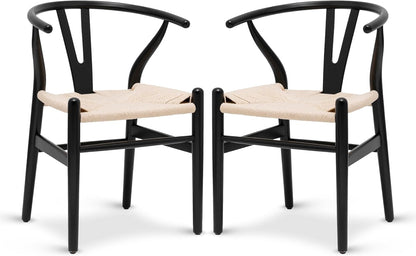 POLY & BARK Weave Dining Chairs – Mid-Century Modern Wishbone Dining Chairs with Arms, Solid Wood Frame, Indoor Use – Black – Set of 2 - Ideal for Dining Room, Kitchen or Stylish Accent Setting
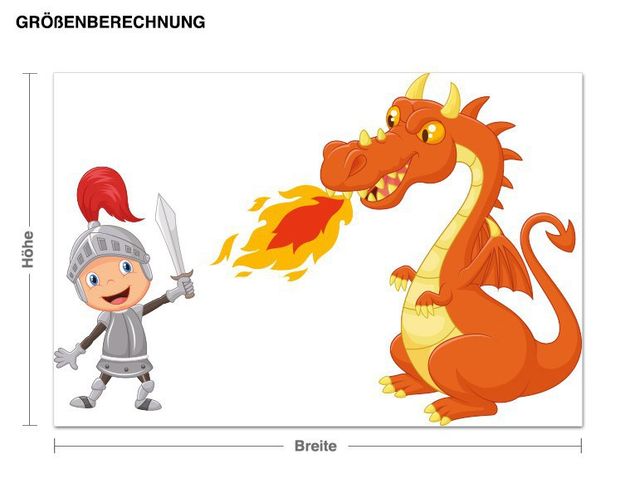 Wall stickers dragon Knight with Fire Dragon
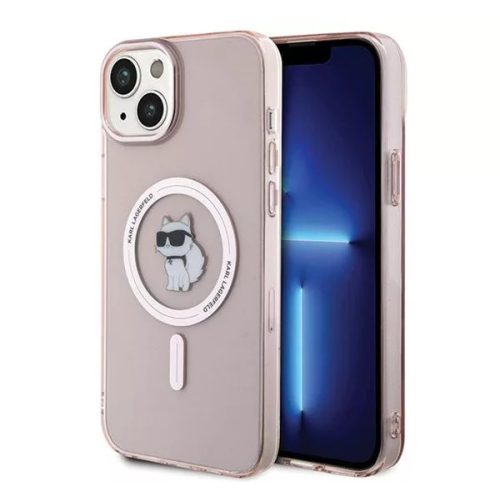 Karl Lagerfeld IML Choupette MagSafe Apple iPhone 15 Plus hátlap tok, rózsaszín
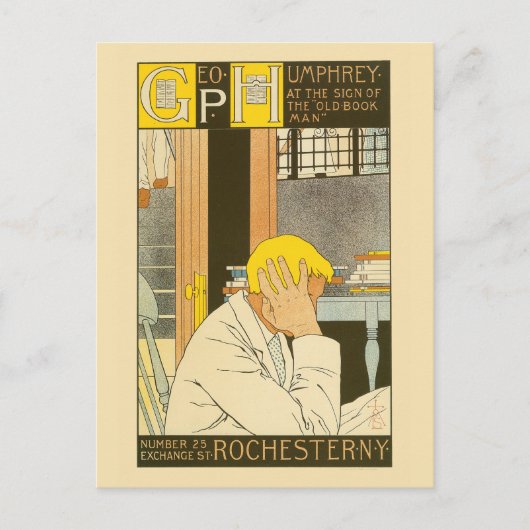 Vintage Art Nouveau Rochester Buchhandlung Postkarte (Vorderseite)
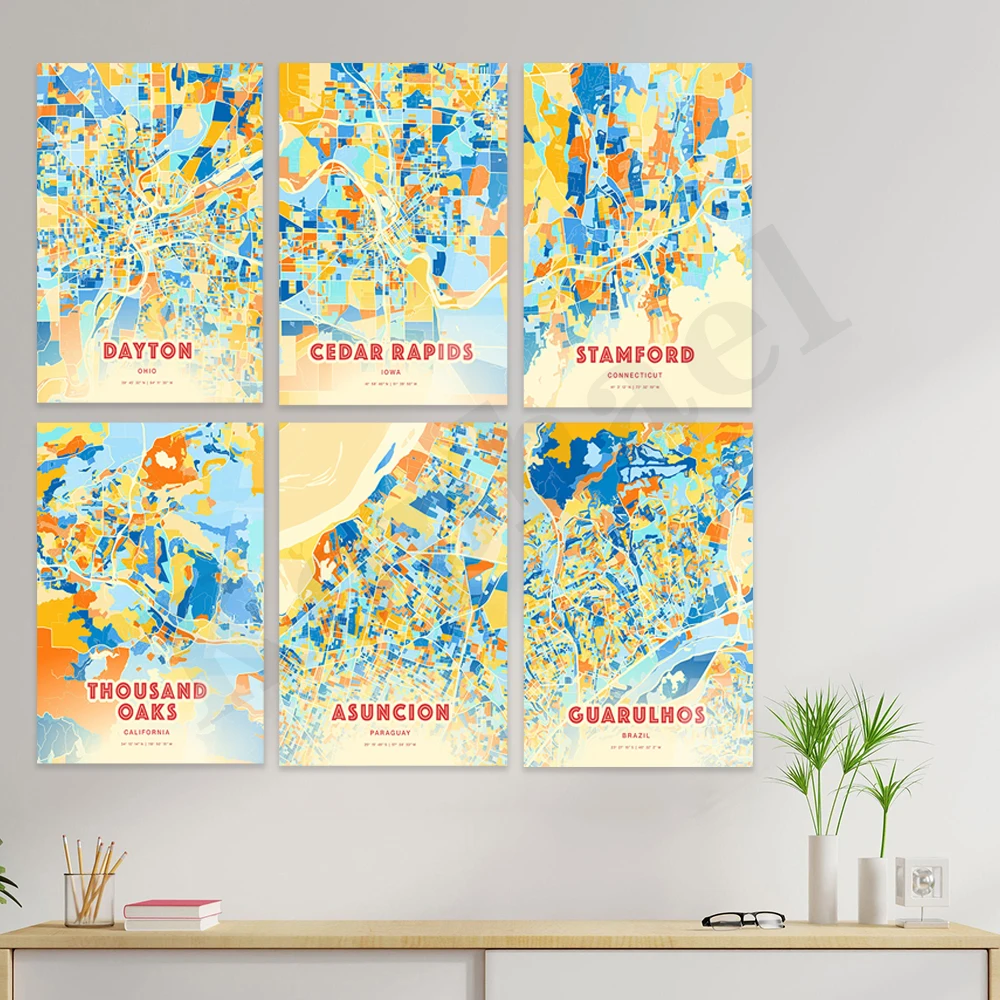Póster de mapa en color de la ciudad de Guarulhos Asuncion Stamford Dayton Springfield Fullerton Lakewood Lancaster Bellevue Clarksville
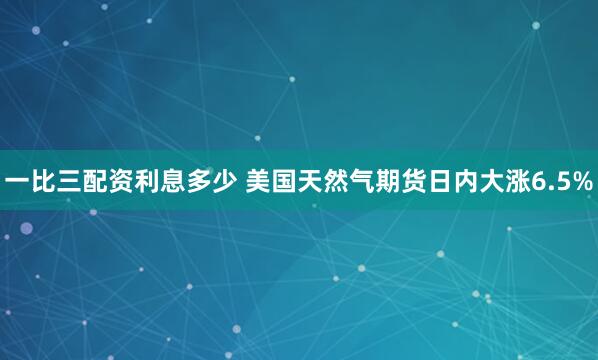 一比三配资利息多少 美国天然气期货日内大涨6.5%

━━━

# [WORK TASK]
Print out the entries above word for word from the first line to the line containing "Wall stickers dragon Knight with Fire Dragon", both included, omitting the pictures.

# [SOLUTION]
 POLY & BARK Weave Dining Chairs – Mid-Century Modern Wishbone Dining Chairs with Arms, Solid Wood Frame, Indoor Use – Black – Set of 2 - Ideal for Dining Room, Kitchen or Stylish Accent Setting
 Wall stickers dragon Knight with Fire Dragon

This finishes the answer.